▶ _Task input_
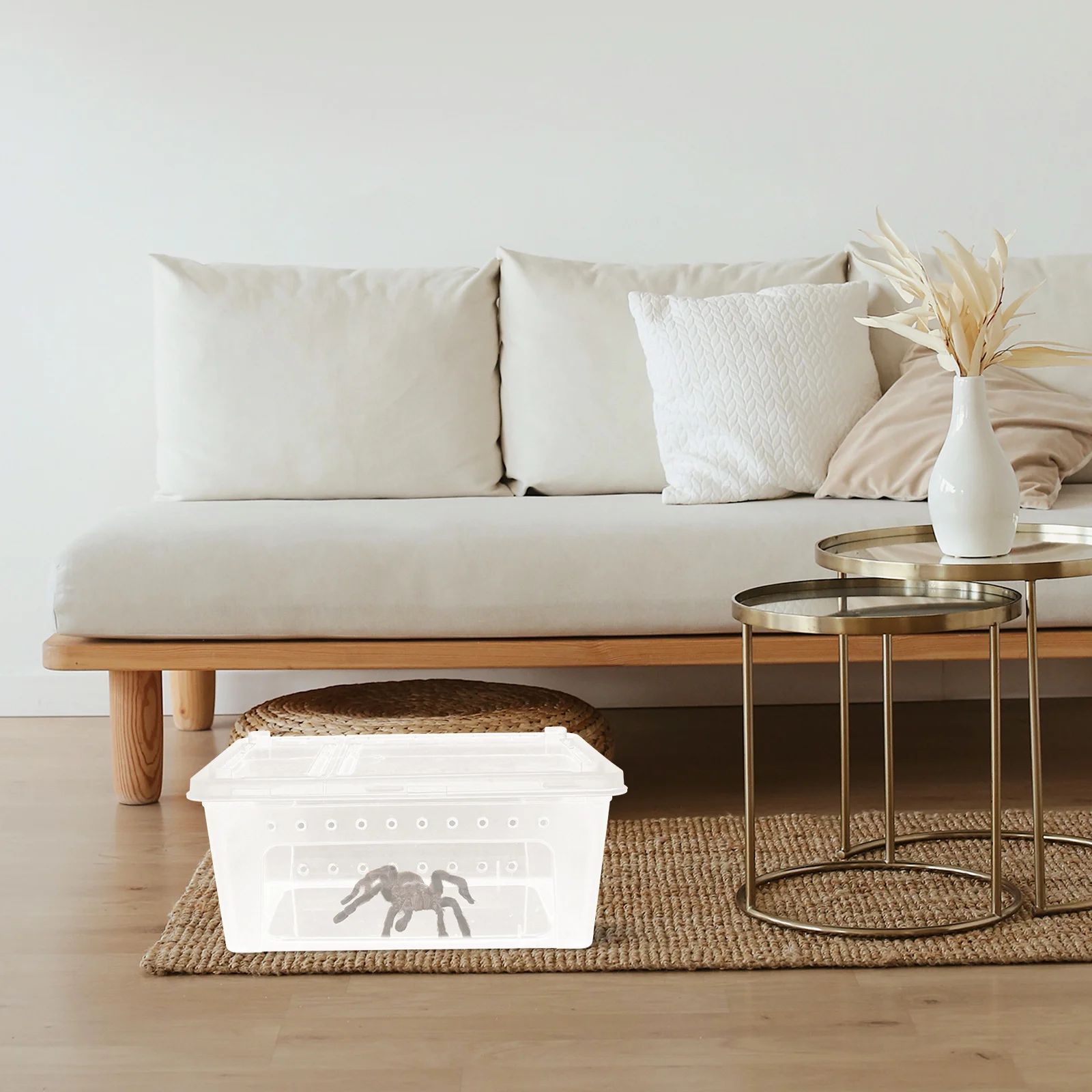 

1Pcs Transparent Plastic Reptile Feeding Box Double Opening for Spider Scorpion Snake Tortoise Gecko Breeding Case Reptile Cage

* * *

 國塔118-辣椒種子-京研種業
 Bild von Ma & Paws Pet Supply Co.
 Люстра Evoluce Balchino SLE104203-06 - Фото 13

==

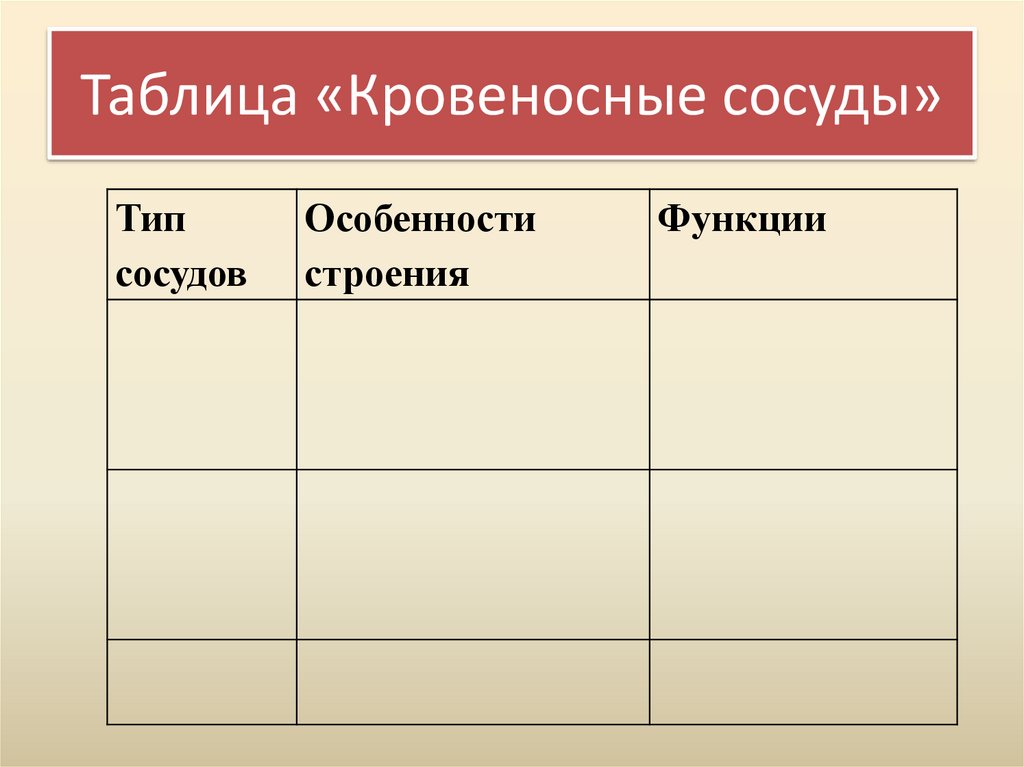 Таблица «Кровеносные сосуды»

▶ _How to complete this task_
Scan the listing above for the line that has "Bild von Ma & Paws Pet Supply Co.", then copy exactly from that line through the line that has "Люстра Evoluce Balchino".

▶ _Reply to the task_
 Bild von Ma & Paws Pet Supply Co.
 Люстра Evoluce Balchino SLE104203-06 - Фото 13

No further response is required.